Whether you are negotiating directly (mediation, parenting co-ordination, self represent in court) or through another party (lawyers) there are considerations that need to be thought through.
Prepare before you start…
- Make sure you are ready to face the other party at the table. If you don’t think you can’t, there may be benefit to working with a lawyer to help you in mediation or lawyer to lawyer negotiation
- Know your interests and what priority they have. It is more than simply knowing what you want. You need to consider how important certain interests are to you and whether you would consider giving that up or giving up something else to keep it. Take the time to write it down
- Make sure you have enough information about the issue, the legal implications, your rights and obligations before you make a final decision.

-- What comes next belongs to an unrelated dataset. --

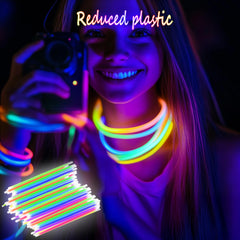 JSronms glow sticks for outdoor night events with high visibility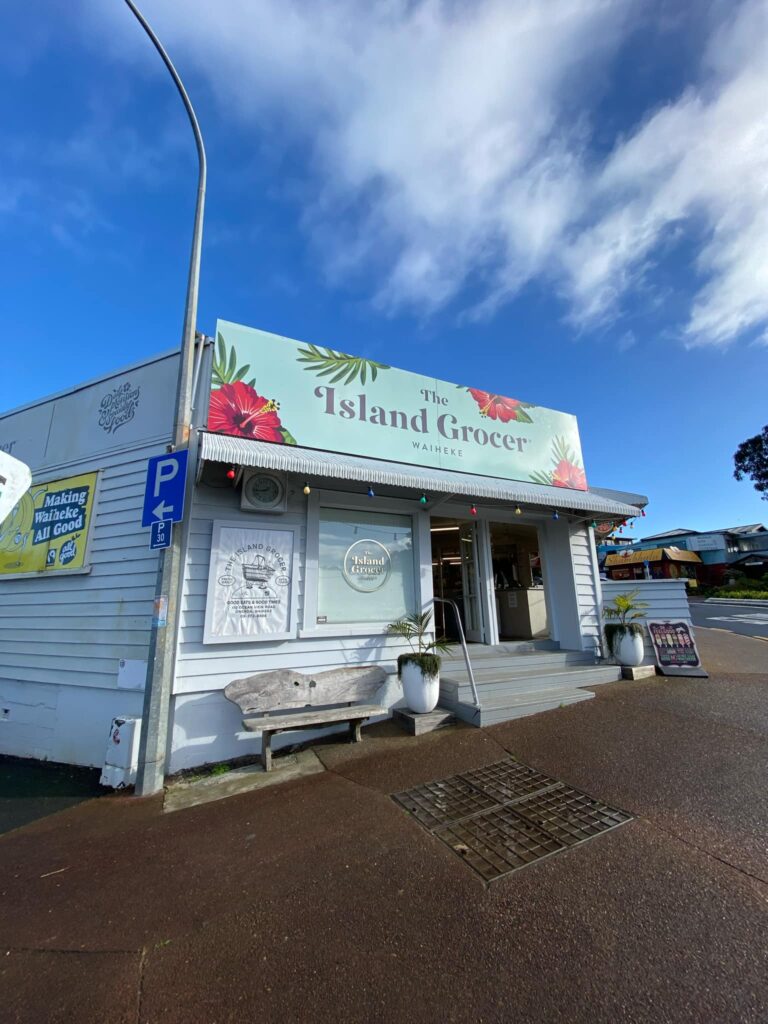 The Island Grocer Shop Entrance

- Consider what the other party’s interests are and what their priorities might be. Consider that the answer might be different now than it would have been before you separated.
- Be prepared to consider options you did not think of.
- Think about and be prepared for the power dynamics in your relationship and how that will be presented at the table.
- Think about how you will communicate your interests to the other person so they understand why it is important to you. Listen to why the interests of the other person are important to them. This understanding can change what you thought your interests were and what the other person thought their interests were.
- Think about how you will control your emotions during the negotiation. Know the words or body language that may trigger your emotions in an attempt to through off your negotiation.
- Remember that you negotiate everyday in life. Spend time learning or re-learning how to negotiate. There are many resources and tools out there.